Playboy.com: You’re on the road with Vans Warped Tour. I’ve always wanted to do that.

Wigmore: It’s been incredible. The start was very eye-opening, being on a tour that’s so massive it’s kind of like a traveling circus. There are so many musicians; it’s a rock star bill. Everybody’s got a gigantic personality; it’s something I’ve never seen before. But eventually you start making mates with all of these people and all the bands that you had never heard of before. Now it just feels like a summer camp. We’re all buddies and we’re hanging out and drinking far too much. It’s brilliant.

Playboy.com: Have you had any wild things happen to you thus far? Warped Tour is notorious for those.

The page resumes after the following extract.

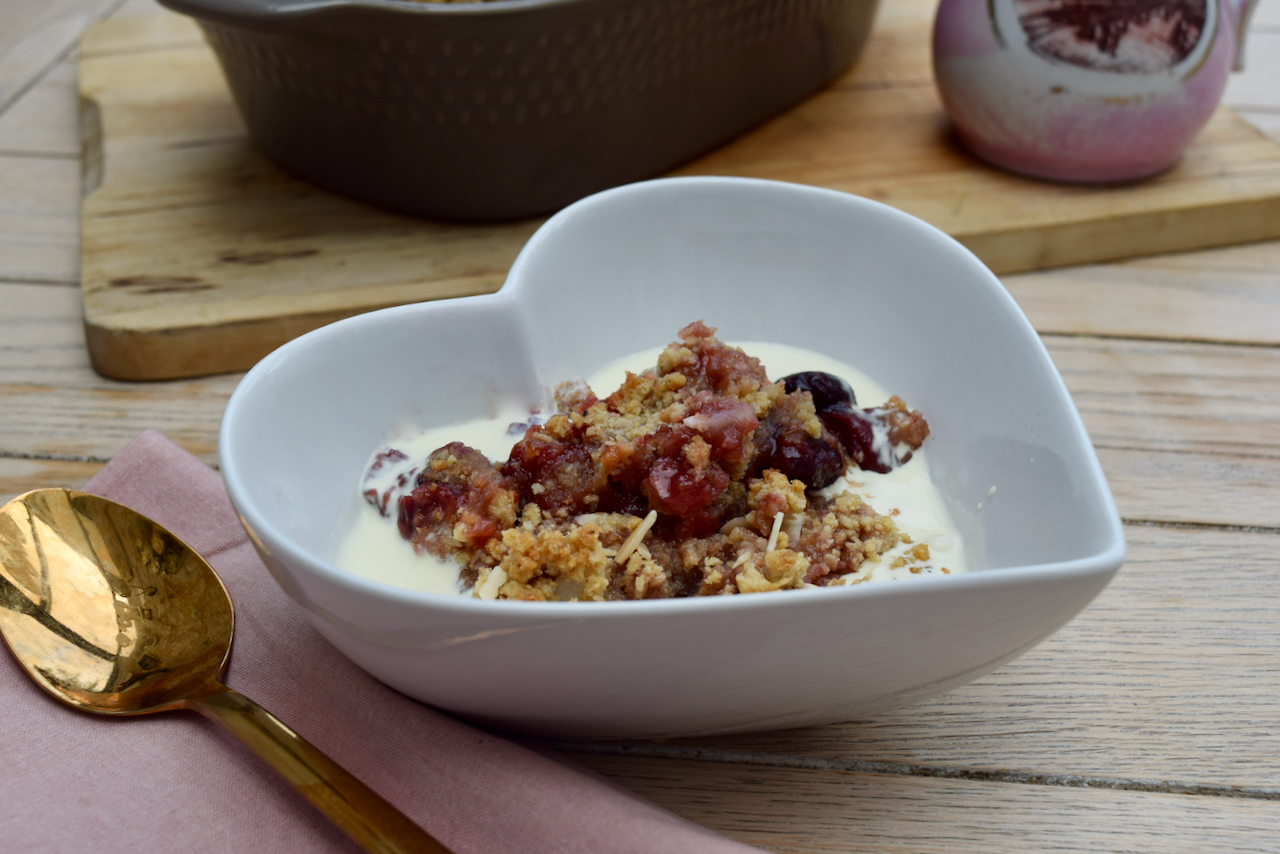 Plum Cherry and Almond Crumble from Lucy Loves Food Blog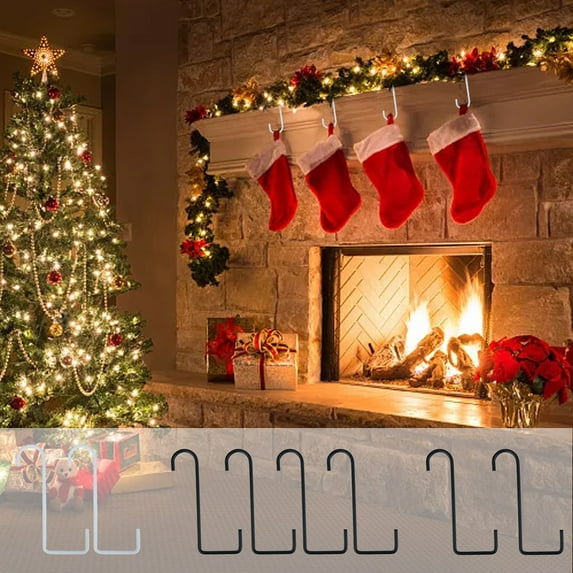 Duety Christmas Stocking Holders for Mantle Set 4,Lightweight Stocking Holder No-slip Stocking Hangers for Mantel Fireplace,Adjustable Mantel Stocking Hooks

Wigmore: Not so crazy yet. I have spewed up on my bus, which is pretty embarrassing. That was like five days in. [laughs] I couldn’t even make it to the bathroom, one meter down from my bunk. I threw up everywhere, which is pretty gross, and I had to face the music the next morning. Everybody was so disappointed. So that was not very classy. I got told off last night too. The DJ at the party was really bad so I took it upon myself to go and change the music. I got yelled at and was told to “Fuck off, Gin Wigmore,” so that was good… [laughs] There will be some more interesting situations as the tour goes along. Everybody is pretty loose; it doesn’t feel like there are many rules. I mean, Kevin Lyman [creator of Warped Tour] is a musician at heart with a wild spirit so it feels a bit lawless on this tour!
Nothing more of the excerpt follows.